## The task
Everything from the line containing "Mixed use Land" through the end of the data below should be copied exactly, with no other lines.

## Given records
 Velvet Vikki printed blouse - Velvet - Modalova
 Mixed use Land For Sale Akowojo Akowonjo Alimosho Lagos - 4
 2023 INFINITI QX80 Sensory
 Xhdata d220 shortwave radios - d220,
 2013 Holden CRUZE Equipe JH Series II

## Answer section
 Mixed use Land For Sale Akowojo Akowonjo Alimosho Lagos - 4
 2023 INFINITI QX80 Sensory
 Xhdata d220 shortwave radios - d220,
 2013 Holden CRUZE Equipe JH Series II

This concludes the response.